Without the schematic, I have a few ideas:

1.) I believe Omron G5V-1 and any of it's corresponding circuitry are used by the Mute switch to turn on the Tuner jack and Mute the whole switcher. So I believe that can safely stay or be ignored.

2.) I think my efforts in tracing should be centered around the JRC4580. That seems an obvious choice for the buffer.

3,) As a secondary choice, Q5 may need to be investigated as well, but I have not brought this to the workbench to try and read the case under magnification.

I have room next to the D Bank footswitch to put a short lever toggle for switching the buffer in and out if that is feasible.
 
Dear Diary,

Not sure if anyone out there is listening or cares.....( :ROFLMAO: )

I did some exploratory probing (;)) abd came up with a few things:

1.) The Omron relay is associated specifically with switching the input. I verified the switching contacts are attached to the tip of the global input jack. This makes sense as the switcher allows for Muting of the whole audio chain.

2.) The next jack over is the Tuner In and the Tip is couple directly to +IN2 of the 4580. So the input for the Tuner is buffer exempt as well.
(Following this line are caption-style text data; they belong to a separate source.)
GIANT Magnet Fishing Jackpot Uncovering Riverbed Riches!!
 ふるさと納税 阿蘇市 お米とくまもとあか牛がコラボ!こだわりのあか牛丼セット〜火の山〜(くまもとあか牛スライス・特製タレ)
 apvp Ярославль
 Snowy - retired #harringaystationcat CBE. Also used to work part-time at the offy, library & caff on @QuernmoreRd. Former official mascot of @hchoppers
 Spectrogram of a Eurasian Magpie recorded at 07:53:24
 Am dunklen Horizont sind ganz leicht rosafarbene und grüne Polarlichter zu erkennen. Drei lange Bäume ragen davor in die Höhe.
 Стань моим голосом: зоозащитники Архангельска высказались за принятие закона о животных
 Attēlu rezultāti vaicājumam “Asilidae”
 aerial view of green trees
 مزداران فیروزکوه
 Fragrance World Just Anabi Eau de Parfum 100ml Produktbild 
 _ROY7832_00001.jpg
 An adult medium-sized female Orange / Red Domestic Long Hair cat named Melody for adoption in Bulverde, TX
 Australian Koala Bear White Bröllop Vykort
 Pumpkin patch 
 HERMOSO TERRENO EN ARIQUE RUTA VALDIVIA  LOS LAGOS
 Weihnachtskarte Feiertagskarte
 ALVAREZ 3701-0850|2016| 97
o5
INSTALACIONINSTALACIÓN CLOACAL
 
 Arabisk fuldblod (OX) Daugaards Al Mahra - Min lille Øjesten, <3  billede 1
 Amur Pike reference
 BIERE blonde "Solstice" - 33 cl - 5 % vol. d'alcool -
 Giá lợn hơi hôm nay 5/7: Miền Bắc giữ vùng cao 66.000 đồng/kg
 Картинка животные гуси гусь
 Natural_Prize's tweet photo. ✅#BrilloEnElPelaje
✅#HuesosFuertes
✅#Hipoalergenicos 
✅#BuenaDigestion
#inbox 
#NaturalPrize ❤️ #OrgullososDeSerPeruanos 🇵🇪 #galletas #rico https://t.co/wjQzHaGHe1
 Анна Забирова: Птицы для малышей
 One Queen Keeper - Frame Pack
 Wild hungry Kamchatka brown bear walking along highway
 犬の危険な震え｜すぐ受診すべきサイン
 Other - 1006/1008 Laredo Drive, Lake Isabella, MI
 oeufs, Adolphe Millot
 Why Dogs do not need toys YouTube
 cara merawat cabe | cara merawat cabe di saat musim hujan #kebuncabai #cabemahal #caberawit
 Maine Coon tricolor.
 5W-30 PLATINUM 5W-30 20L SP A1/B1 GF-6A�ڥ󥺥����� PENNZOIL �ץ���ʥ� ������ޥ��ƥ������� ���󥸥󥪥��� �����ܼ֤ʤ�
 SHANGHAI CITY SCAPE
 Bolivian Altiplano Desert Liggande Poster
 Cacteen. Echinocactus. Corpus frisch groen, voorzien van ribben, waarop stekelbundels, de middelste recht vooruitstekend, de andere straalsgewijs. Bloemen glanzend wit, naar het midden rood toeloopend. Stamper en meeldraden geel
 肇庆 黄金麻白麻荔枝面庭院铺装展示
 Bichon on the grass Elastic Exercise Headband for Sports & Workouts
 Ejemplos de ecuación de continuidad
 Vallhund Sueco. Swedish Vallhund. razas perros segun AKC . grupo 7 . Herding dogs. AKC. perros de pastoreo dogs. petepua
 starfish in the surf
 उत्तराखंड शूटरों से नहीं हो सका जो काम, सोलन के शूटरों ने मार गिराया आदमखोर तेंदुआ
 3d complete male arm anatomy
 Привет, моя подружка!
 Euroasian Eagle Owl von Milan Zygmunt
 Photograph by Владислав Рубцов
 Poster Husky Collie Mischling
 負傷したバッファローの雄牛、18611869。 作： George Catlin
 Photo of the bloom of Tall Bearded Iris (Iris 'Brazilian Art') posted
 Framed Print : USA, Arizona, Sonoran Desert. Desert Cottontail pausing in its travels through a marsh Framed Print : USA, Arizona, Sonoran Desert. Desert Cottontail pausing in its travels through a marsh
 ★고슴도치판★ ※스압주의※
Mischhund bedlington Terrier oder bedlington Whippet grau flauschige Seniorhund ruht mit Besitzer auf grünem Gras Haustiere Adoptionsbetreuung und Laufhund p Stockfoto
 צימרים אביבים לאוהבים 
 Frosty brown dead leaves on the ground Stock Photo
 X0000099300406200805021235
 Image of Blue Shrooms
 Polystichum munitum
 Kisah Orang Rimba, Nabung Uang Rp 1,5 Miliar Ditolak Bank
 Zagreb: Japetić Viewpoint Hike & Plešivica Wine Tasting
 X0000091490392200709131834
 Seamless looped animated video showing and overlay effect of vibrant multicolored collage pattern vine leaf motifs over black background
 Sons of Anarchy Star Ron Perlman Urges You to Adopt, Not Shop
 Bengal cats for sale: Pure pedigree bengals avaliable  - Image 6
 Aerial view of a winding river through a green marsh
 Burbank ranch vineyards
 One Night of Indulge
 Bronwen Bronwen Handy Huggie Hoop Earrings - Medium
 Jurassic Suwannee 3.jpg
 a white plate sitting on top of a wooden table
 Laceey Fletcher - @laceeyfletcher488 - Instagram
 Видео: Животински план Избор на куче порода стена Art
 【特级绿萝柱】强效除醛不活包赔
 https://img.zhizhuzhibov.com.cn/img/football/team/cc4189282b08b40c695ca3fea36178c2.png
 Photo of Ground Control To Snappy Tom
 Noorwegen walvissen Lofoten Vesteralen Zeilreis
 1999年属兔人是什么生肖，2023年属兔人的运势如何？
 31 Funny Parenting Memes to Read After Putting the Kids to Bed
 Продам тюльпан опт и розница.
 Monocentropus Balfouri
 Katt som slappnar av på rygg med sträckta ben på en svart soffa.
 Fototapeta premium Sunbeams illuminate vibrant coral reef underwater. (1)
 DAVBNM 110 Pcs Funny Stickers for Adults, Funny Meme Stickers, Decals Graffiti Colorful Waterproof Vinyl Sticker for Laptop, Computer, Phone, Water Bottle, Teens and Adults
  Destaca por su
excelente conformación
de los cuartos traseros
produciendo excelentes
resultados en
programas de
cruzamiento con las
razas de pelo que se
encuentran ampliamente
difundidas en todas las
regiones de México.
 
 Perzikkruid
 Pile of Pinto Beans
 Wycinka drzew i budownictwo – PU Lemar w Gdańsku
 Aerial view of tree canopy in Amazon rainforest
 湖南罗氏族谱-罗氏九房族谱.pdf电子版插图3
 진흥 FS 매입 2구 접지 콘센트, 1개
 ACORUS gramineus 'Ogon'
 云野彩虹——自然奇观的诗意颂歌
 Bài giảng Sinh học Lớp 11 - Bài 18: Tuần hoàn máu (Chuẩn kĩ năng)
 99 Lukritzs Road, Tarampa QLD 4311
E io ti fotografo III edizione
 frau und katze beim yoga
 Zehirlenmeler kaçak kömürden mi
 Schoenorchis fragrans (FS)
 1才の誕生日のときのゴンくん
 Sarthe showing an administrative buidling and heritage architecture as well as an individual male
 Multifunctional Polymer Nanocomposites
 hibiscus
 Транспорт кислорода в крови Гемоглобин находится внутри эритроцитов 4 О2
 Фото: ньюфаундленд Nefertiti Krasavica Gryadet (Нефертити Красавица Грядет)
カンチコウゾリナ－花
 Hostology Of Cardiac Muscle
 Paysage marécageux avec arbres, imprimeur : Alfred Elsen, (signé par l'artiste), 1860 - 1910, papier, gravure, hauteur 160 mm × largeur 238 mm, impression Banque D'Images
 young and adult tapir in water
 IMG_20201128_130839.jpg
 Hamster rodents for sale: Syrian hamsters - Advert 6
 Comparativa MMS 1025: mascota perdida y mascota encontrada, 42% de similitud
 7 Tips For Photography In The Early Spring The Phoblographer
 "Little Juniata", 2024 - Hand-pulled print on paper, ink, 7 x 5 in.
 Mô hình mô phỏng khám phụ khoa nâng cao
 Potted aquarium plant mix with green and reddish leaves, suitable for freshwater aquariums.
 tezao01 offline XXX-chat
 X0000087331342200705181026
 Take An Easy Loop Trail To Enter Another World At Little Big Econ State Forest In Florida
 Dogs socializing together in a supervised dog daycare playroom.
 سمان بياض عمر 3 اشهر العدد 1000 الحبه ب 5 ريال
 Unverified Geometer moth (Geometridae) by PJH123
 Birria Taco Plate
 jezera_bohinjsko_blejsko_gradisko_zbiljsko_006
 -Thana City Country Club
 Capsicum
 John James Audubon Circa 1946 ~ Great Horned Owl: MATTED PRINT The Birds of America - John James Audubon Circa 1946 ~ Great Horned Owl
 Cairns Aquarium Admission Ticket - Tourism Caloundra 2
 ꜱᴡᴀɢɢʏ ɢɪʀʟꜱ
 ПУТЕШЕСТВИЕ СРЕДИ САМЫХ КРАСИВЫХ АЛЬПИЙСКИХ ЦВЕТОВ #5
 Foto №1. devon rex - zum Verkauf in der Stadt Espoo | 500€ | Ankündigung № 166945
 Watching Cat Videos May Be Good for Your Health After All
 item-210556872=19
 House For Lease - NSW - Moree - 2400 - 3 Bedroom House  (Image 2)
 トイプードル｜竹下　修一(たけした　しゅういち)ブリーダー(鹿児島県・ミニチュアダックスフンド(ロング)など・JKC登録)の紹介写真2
3.) So the buffer first hits the send of the first loop. So I'll focus my area there. Good news is that there is a through hole film cap there at the input of the buffer and some through hole electros near where I imagine i'll find the output. This means i should be able to easily bypass the buffer on a switch.

BREAKING NEWS!!!!

Pin 7 of the 4580 is connected to a through hole 1uf electro. Which means my input and output path touched a through hole component and I should be able to use a switch to jump around that.
 
Excellent stuff. Keep us updated this is definitely relevant to my interests. I've been looking at the joyo for a while. We'll to be honest I've been looking at the gigrig quartermaster but those are definitely not in my range at the minute. I'd be wanting to either remove the buffer or put it on a switch too.
 
This is the only switch I have right now so I am going to test with this and then replace with a short toggle when I order the new replacement jack for the broken Loop 1 send from Tayda.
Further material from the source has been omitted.